With the evidence of Divine workmanship on permanent, incontrovertible view in this clockwork world, atheism is an untenable position. However, theological factions exist in terms of the interpretation of Divine Intent – Rational Humanists, who claim god abandoned the world after creation and the world should therefore be freed of god, and a more spiritual faction who believe the Divine manifests in the ordinary, that god still has a care for his creation. Our earliest encounter with a Rational Humanist – the clockmaker’s son – sets them up as the natural enemy of both Hethor and his quest, and this perception is borne out with the arrival of William of Ghent. What is interesting is that William of Ghent is a magician and a prophet, a position that seems to sit strangely with the scientific precision of the faction he represents. It works, though, because the ambiguity means that right until the end, we are never sure that Hethor has judged him correctly. It works on other levels, too, particularly in terms of linking back to Wagner’s Parsifal, where William of Ghent could be interpreted as the magician Klingsor, though the impact of Hethor’s ultimate wisdom and compassion upsets that interpretation to an extent.  The opposing faction, the mysterious ‘white birds’, are never fully glimpsed, but their agents assist Hethor at every turn, rescuing him from some seemingly impossible situations. This more spiritual, mystical interpretation of the Divine again echoes back the legend of the Grail, and also offers an interesting comment on our own society’s conflicts between the rather hard-edged obsession with rational, scientific progress and a more spiritual, earth-centred stability/sustainability, and it’s interesting to see this expressed and explored in this novel. 
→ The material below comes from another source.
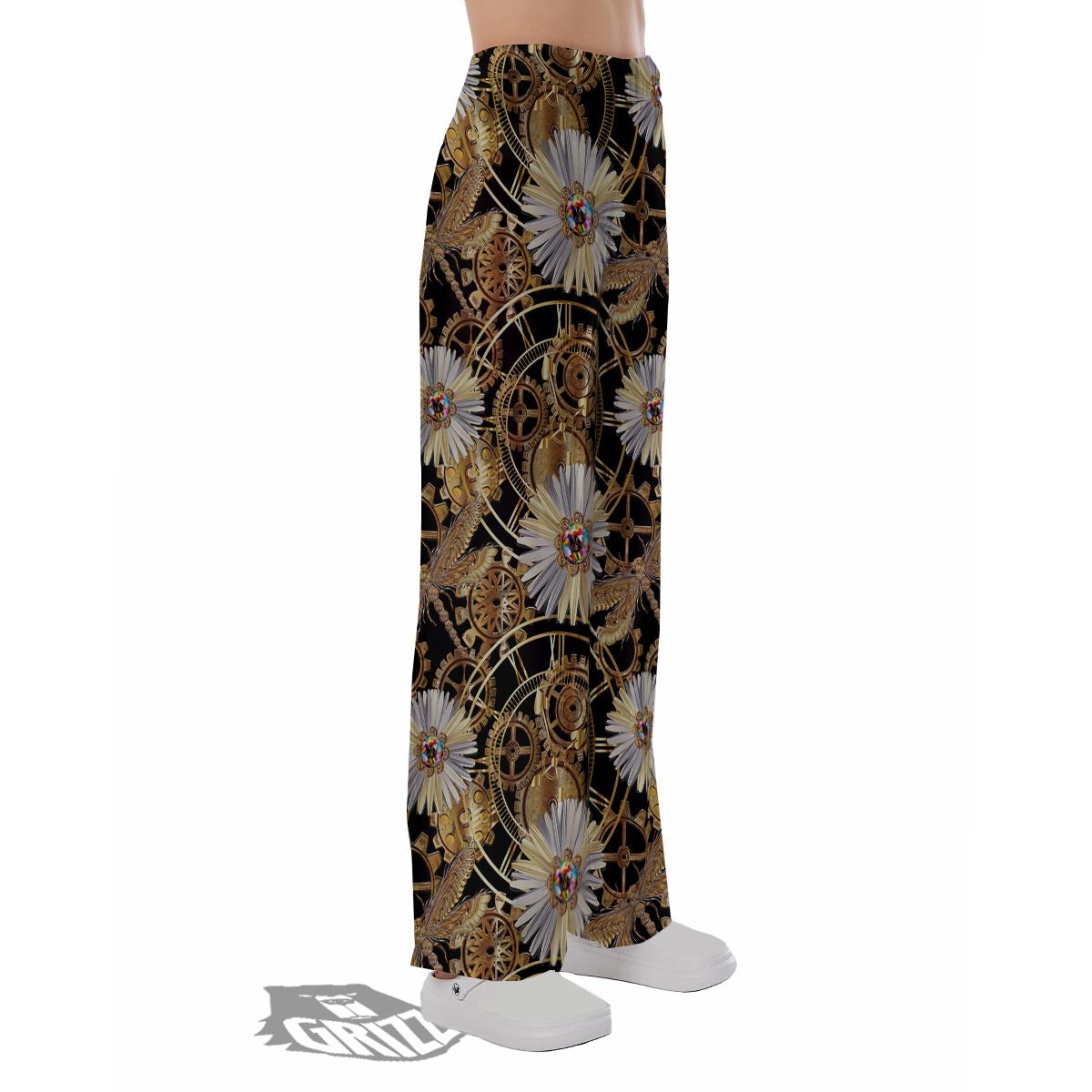 Chamomile Steampunk Print Pattern Pajama Pants-grizzshop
The two factions also demonstrate the conflicts and hypocracies within the Northern hemisphere society (and absolutely consistent with Victorian double-standards), contrasting a requirement for outer order and conformity with a hidden, internal chaos. This contrast is emphasised and deepened by the equatorial Wall dividing the Northern and Southern hemispheres where the reverse is true in the civilisation in which Hethor finally comes to rest. Although boundaries are blurred between human and animal, outward chaos is contradicted by inner calm, coherence, acceptance and, ultimately, love. I didn’t expect the romantic elements of the story to develop in the way that they did, but the relationship between Hethor and Arellya develops out of their mutual understanding and ability to communicate, mixed with a sense of curiosity, eagerness and simplicity the two of them seem to share. It’s effective and convincing, but also offers a wider comment on how a culture judged as uncivilised or primitive can actually have more coherence than those that attempt to detach themselves from the basic rhythms of life.

The juxtaposition of these two views of civilisation not only provides Hethor a framework in which to understand and question the values he has been inducted with, but also offers an interesting comment on the interpretations of Victorian analyses of civilisation and social structures from a contemporary perspective: are the societies we label as uncivilised truly so, or is it we who are the savages? The answer Hethor finds is not, perhaps, what one would expect, but it is internally consistent.

Is it a straightforward re-telling of the Grail, or Wagner’s Parsifal? No, not by any means. It draws on elements of both to set the stage, but the internal complexities of the world in which the story plays out make this quest something else altogether. It’s a riveting read, a layered story of contrasts and conflicts that come together in the end to create an exciting and satisfying finale. I loved every minute of it.